§ Study material

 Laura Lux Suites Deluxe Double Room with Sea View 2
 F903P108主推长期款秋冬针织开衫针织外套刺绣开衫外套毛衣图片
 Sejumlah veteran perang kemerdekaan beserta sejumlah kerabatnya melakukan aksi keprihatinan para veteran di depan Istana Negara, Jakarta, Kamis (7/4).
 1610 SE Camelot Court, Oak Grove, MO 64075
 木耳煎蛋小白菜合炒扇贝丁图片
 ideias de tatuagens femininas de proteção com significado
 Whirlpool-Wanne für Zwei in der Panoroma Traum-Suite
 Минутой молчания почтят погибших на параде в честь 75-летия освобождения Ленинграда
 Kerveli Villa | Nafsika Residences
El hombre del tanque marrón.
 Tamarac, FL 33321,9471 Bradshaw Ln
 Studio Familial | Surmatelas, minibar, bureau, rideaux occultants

§ Aim of the task
Copy verbatim the span of lines that begins with the line holding "ideias de tatuagens" and ends at the last line of the records.

§ Solution for this problem
 ideias de tatuagens femininas de proteção com significado
 Whirlpool-Wanne für Zwei in der Panoroma Traum-Suite
 Минутой молчания почтят погибших на параде в честь 75-летия освобождения Ленинграда
 Kerveli Villa | Nafsika Residences
El hombre del tanque marrón.
 Tamarac, FL 33321,9471 Bradshaw Ln
 Studio Familial | Surmatelas, minibar, bureau, rideaux occultants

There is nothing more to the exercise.